None of it was catastrophic. All of it was real. And we had no idea how long it had been that way.

Point 1: GitOps Sync Status Isn't the Same as Drift Detection

This is the part that trips people up. ArgoCD told us our apps were "Synced." And technically, they were, at the moment of last sync. But sync status is a snapshot, not a continuous assertion. If someone runs kubectl edit after a sync, ArgoCD doesn't know. It's not watching for that.

Drift detection means continuously comparing what's running in the cluster against what's declared in Git, and alerting when they diverge. That's a different problem than deployment sync. Most teams conflate them and pay for it later.

We built a reconciliation loop using a combination of ArgoCD's resource tracking and a custom controller that scraped live cluster state on a 5-minute interval, diffed it against our Helm-rendered manifests, and pushed the deltas into a monitoring pipeline. Nothing fancy. About 400 lines of Go and a Prometheus exporter.

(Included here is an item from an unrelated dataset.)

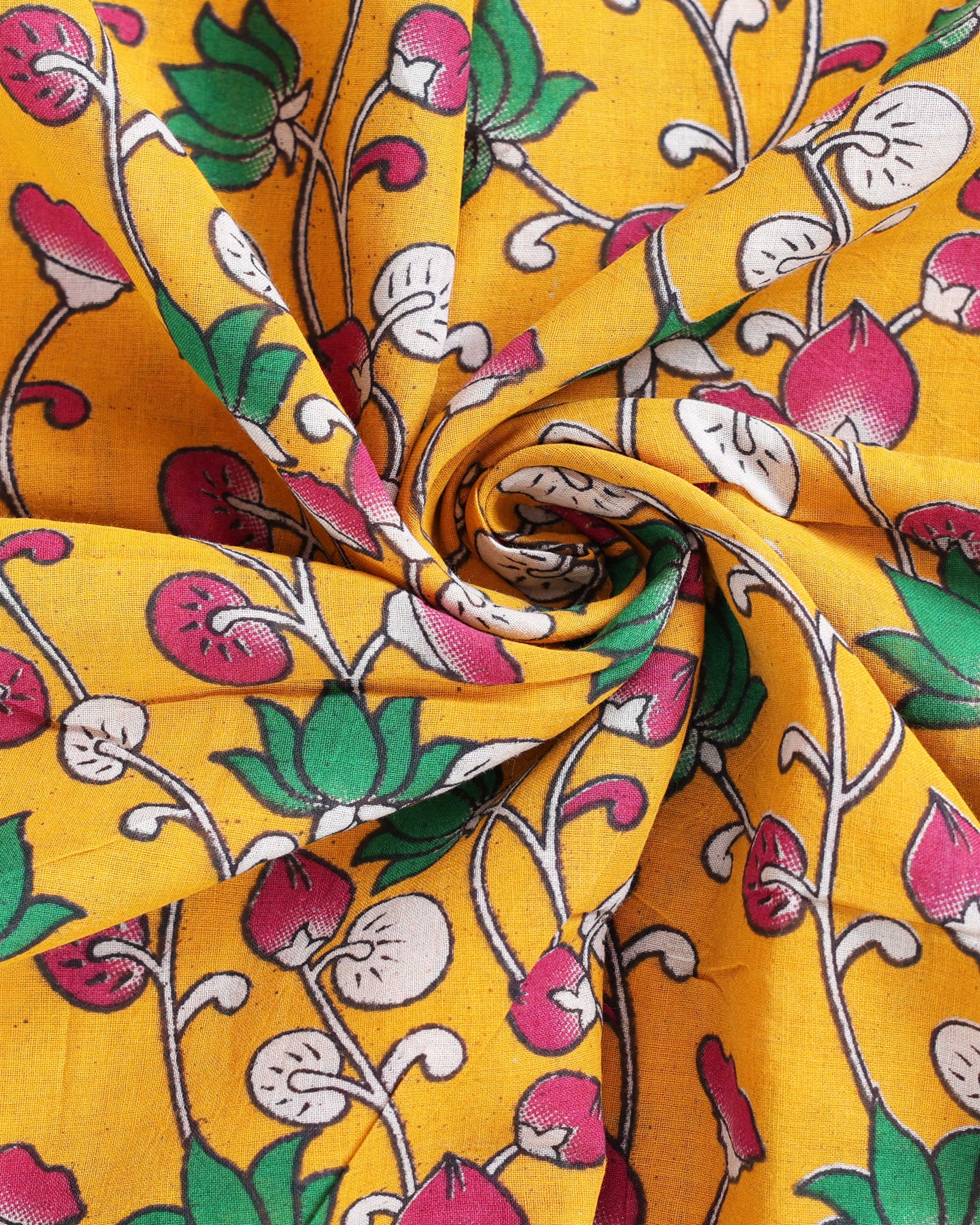 Traditional Kalamkari Hand-Painted Cotton Saree with Floral Motifs - Close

The first run returned 14 drifted resources. Four of them in production.

Point 2: The Real Problem Is Toil and Pressure, Not Malicious Intent

Every one of those manual edits had a story.

A memory limit bumped because an OOMKill was happening at 2 AM and someone needed to stop the bleeding. A replica count changed because load spiked and autoscaling hadn't kicked in fast enough. A ConfigMap updated because a third-party API changed its endpoint and we needed 30 seconds to fix it, not 30 minutes to run a pipeline.

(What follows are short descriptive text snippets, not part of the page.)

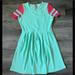 Lularoe Dresses | New Lularoe | Amelia Dress Mint Green Coral Orange Stripe Sleeve 2xl Unicorn | Color: Green/Orange | Size: 2x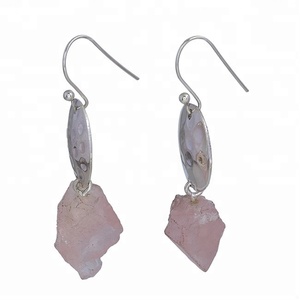 <b>Solid</b> 925 Sterling <b>Silver</b> Rose Quartz Dangle <b>Earrings</b> Fashionable Women's Jewelry with <b>Silver</b> Plated Gemstone for Parties Gifts - Product Image 2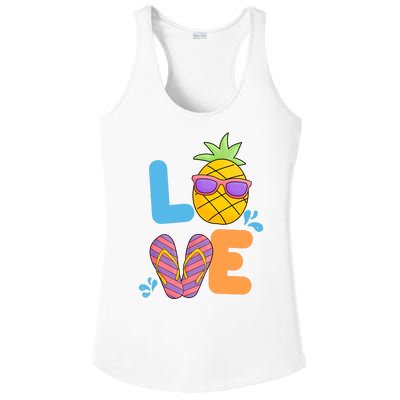 Love Summer Pineapple Cute Ladies PosiCharge Competitor Racerback Tank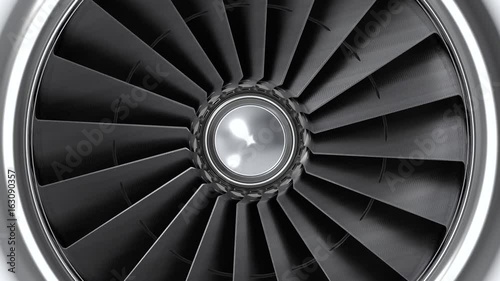 3d rendering. close up on animation of aircraft plane or jet engine blades fan rotation.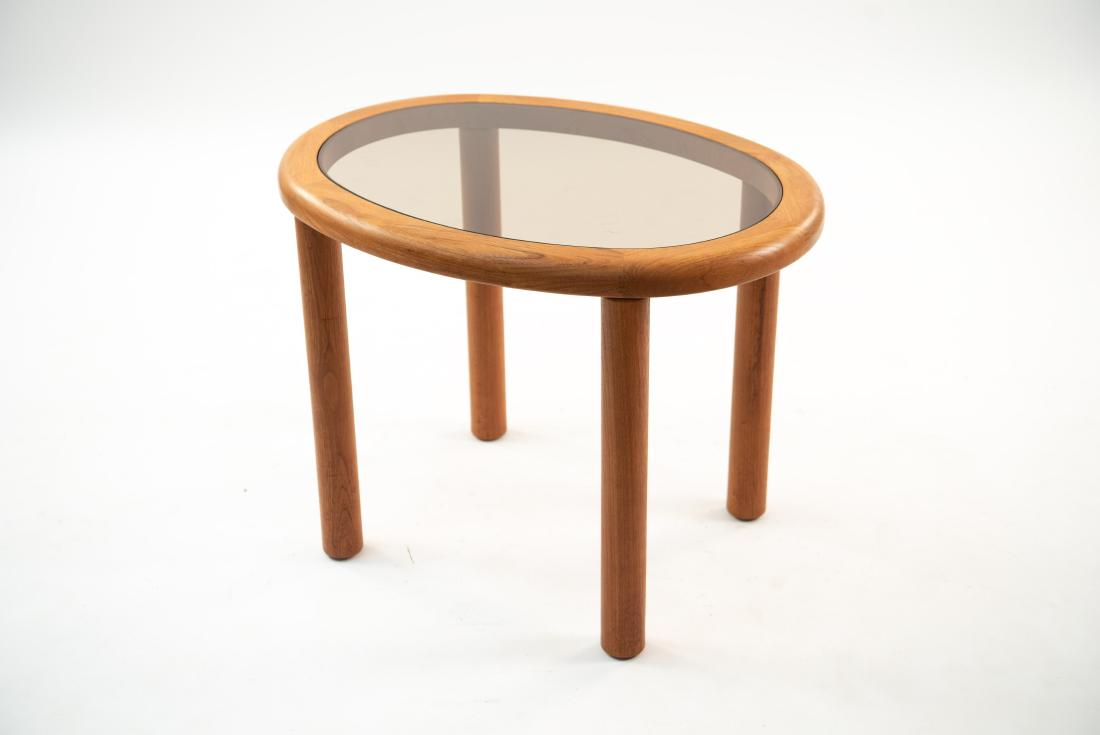 HASLEV SOLID TEAK DANISH OVAL SIDE TABLE (1 of 8)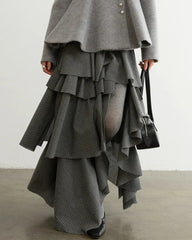 Luxury Asymmetric Stripe Skirt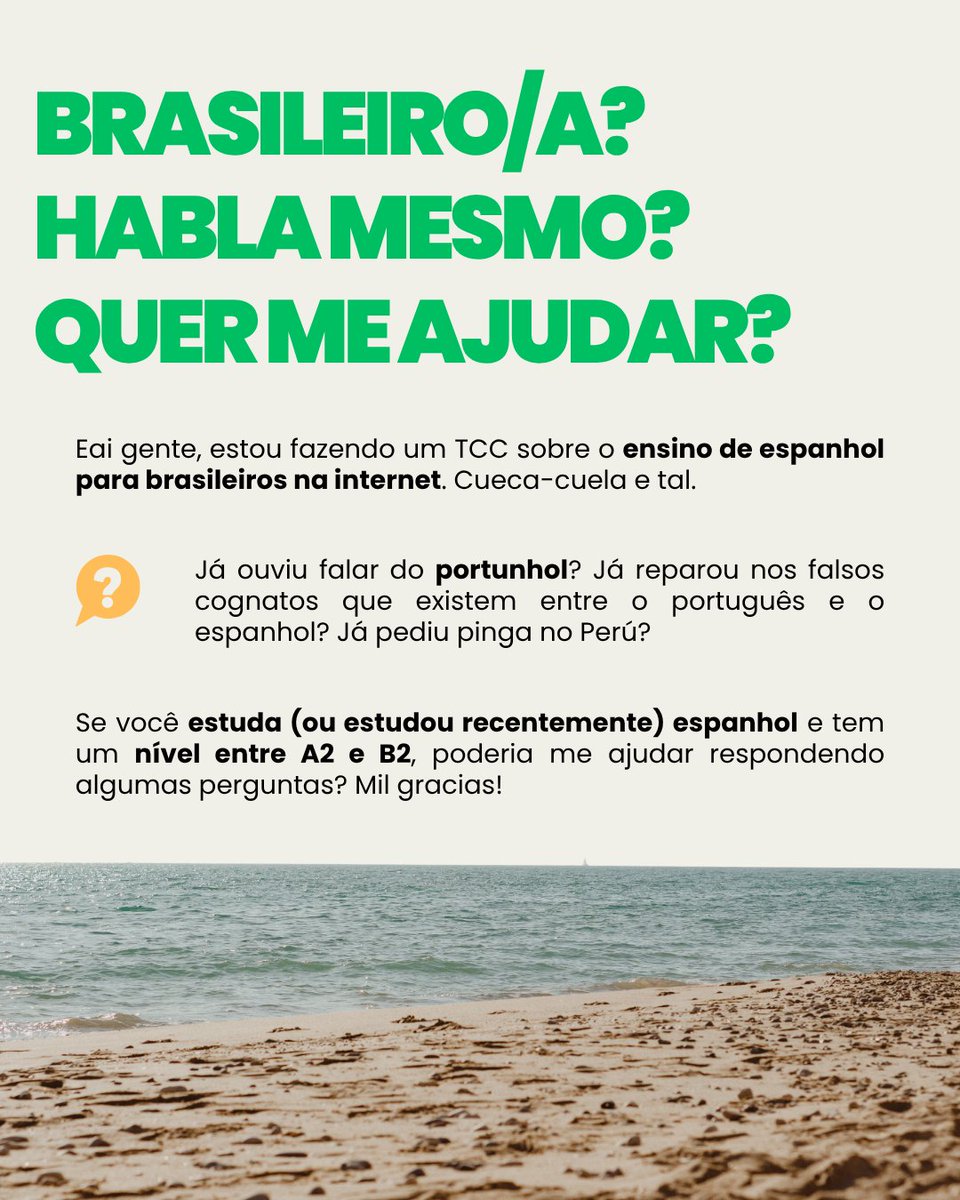 danielartiaga_'s tweet photo. Brasileiro/a? Habla mesmo? Quer me ajudar?

Eai gente, estou fazendo um TCC sobre o ensino de espanhol para brasileiros na internet. Cueca-cuela e tal.

Se você estuda (ou estudou recentemente) espanhol, poderia me ajudar respondendo algumas perguntas? 
👉 https://t.co/3NhAT3n5fB https://t.co/ZJRRIKSa42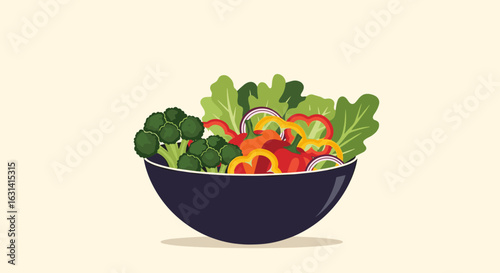 A colorful and nutritious bowl of fresh garden salad filled with healthy ingredients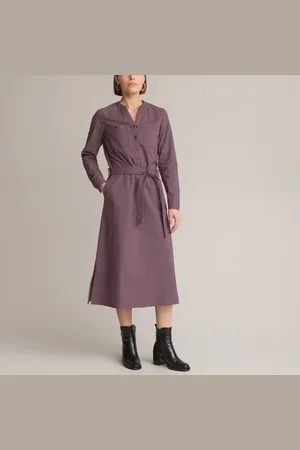 ANNE WEYBURN Robe Droite Rayée Longue Manches Longues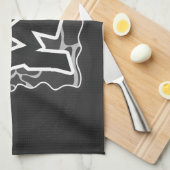 Giraffe zwart en lichte grijze afdrukken theedoek (Quarter Fold)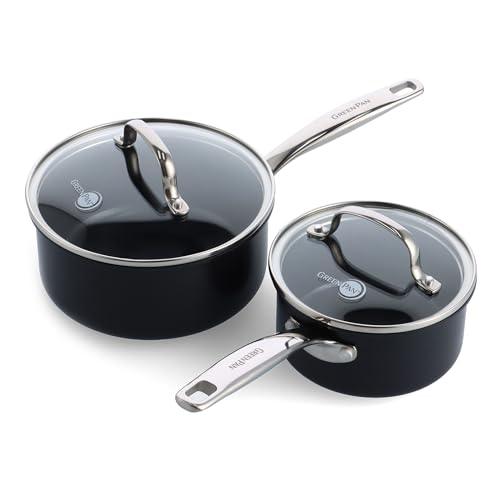 GreenPan Chatham Black Prime Midnight Hard Anodized Healthy Ceramic Nonstick, 1QT and 2QT Saucepan Pot Set with Lids, PFAS-Free, Dishwasher Safe, Oven Safe, Black - CookCave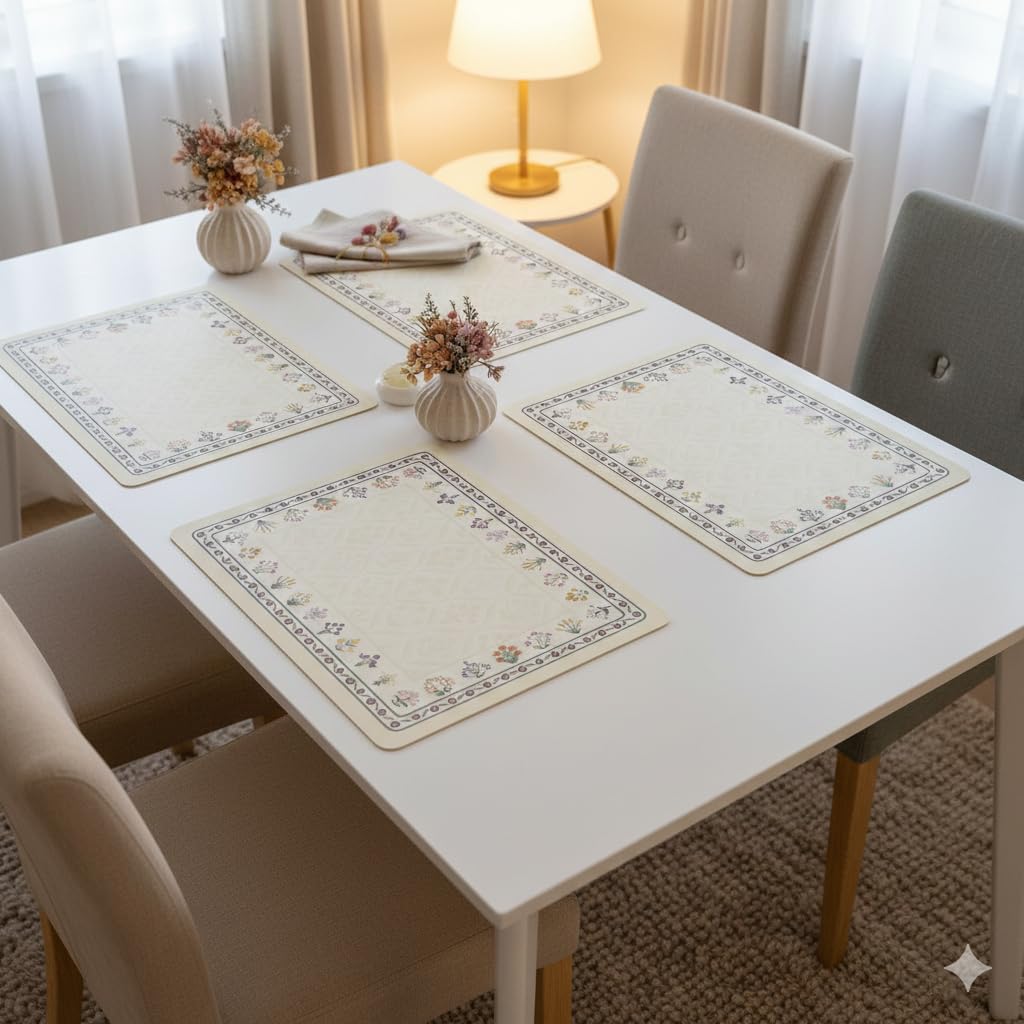 Upaado Leather Dining Table Placemat with Vintage Design - Pack of 4 | Heat Resistant, Waterproof, Non-Slip Table Mat for Kitchen Dining Table, PU Leather Mat for Table Protection (Cream Floral)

These aren't reckless engineers. These are engineers solving real problems with the tools in front of them.

The issue is the feedback loop, or the lack of one. Without drift detection, that 2 AM fix becomes permanent. Nobody goes back. The PR never gets opened. The Helm chart never gets updated. And six weeks later, someone deploys from Git and rolls back the fix that's been holding production together.

Sound familiar?

The fix isn't telling people to stop using kubectl edit. It's making the correct path faster than the escape hatch, and making drift visible so it can't quietly accumulate.

Point 3: Alerting on Drift Changes the Culture

Once engineers could see a drift dashboard, broken down by namespace, by team, by resource type, behavior shifted. Not because we mandated it. Because visibility creates accountability in a way that process documents never do.

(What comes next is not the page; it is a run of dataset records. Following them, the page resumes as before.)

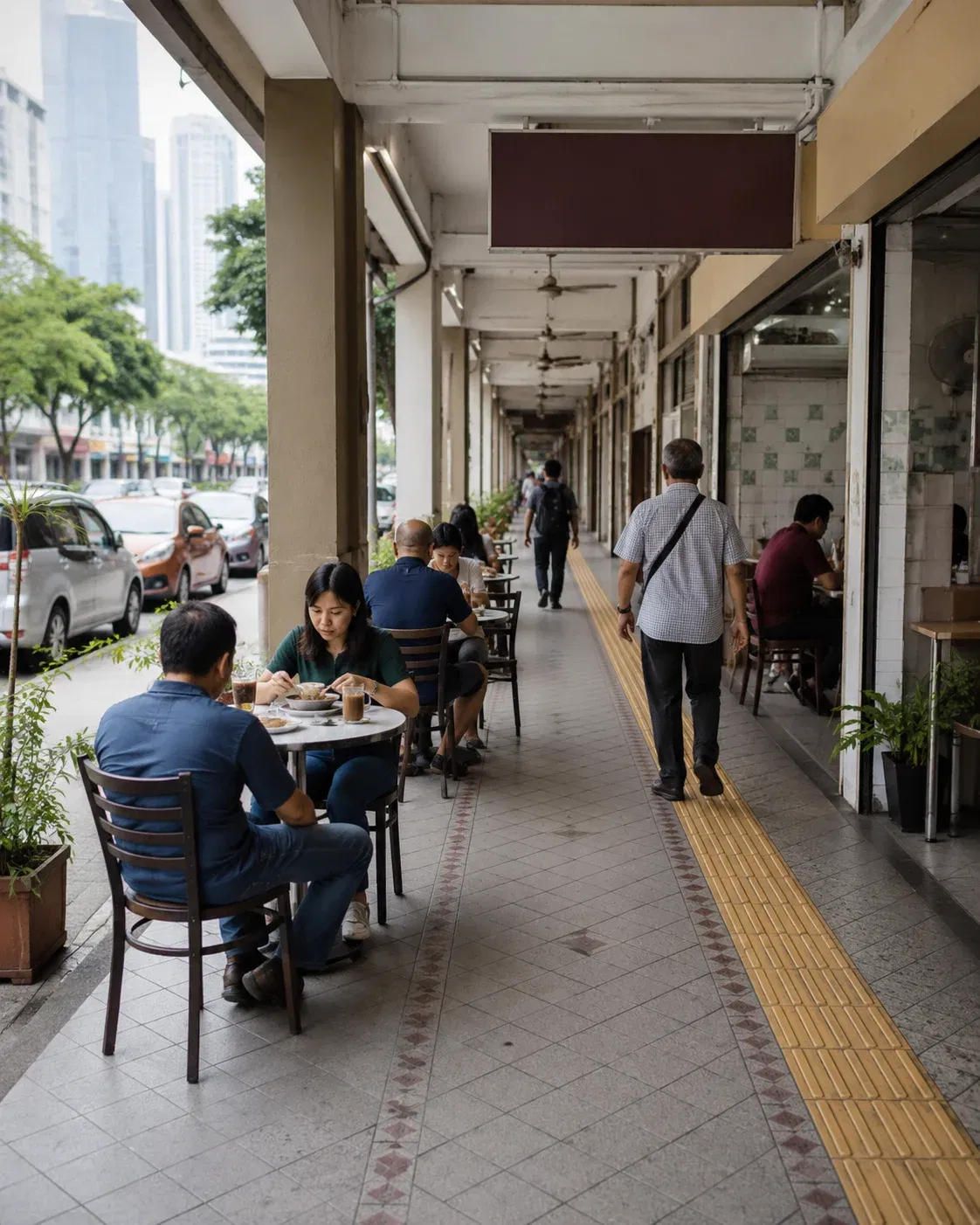 wk covered arcade cafes and city walkway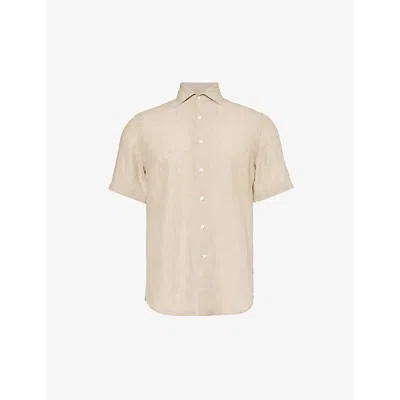 Corneliani Mens Beige Short-sleeved Point-collar Linen Shirt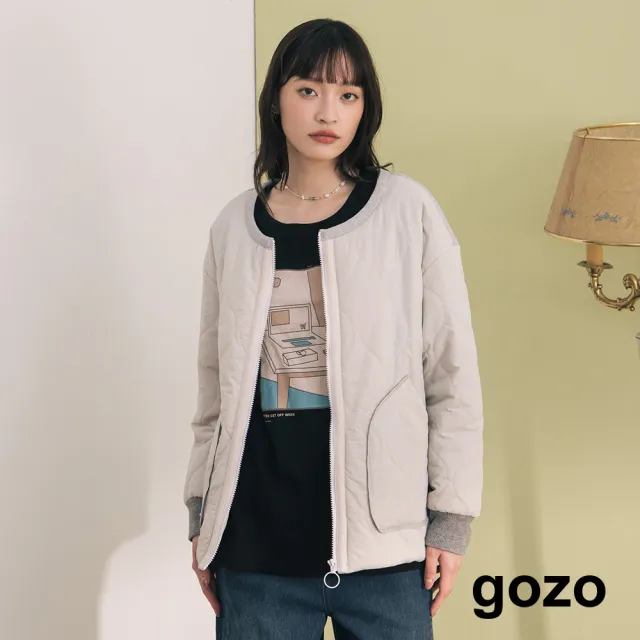 【gozo】MOMO獨家款★限量開賣 發熱異材質拼接衍縫鋪棉拉鍊外套(兩色)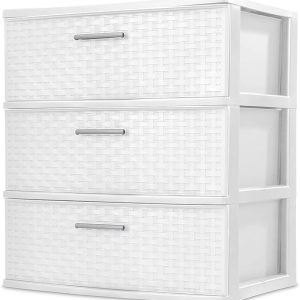 3 Drawer Wide Weave Tower Plastic, White – Design Storage Tower with pull handles, Organizer Unit for Bedroom, Closet, Entryway, Hallway, Nursery Room, Storage bins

We tagged each drift event with:

The last-known modifier (pulled from audit logs via Kubernetes API)
Time since divergence
Severity of the delta

A replica count change is low severity. A security context change is high. A resource limit change that's 4x the declared value gets a PagerDuty alert.

Within three weeks of launching the dashboard, the team had self-corrected 11 of the 14 original drifted resources without us asking. They just didn't want to see red in their namespace.

We also made it a blocker on our weekly architecture review. Any service with unresolved drift older than 72 hours got a 5-minute explanation from the owning team. Not punitive, just a forcing function for documentation and communication.

Point 4: Drift Detection Has to Be Cheap to Maintain

Here's where most homegrown solutions fall apart. You build the thing, it works, then it becomes another system someone has to babysit.

We kept ours deliberately simple:

No custom UI. A Grafana dashboard pulling from Prometheus.
The controller runs as a standard Kubernetes deployment with a ServiceAccount scoped to read-only cluster access.
The diff logic uses server-side apply dry-runs, which Kubernetes gives you for free.
Total compute overhead is negligible.

We've been running it for eight months. It's needed exactly two bug fixes and one config update when we migrated Helm chart versions. That's it.

Complexity is debt. Every additional feature you bolt on is another thing that can fail or get abandoned.

The Takeaway

Drift detection isn't a Kubernetes problem. It's a systems problem. The cluster just happens to be where the drift lives.

If you're running GitOps and you've never run a diff between your declared manifests and your live cluster state, you probably have drift. You just don't know what it looks like yet.

The question worth sitting with: what decisions are you currently making based on cluster state that you think matches Git, but doesn't?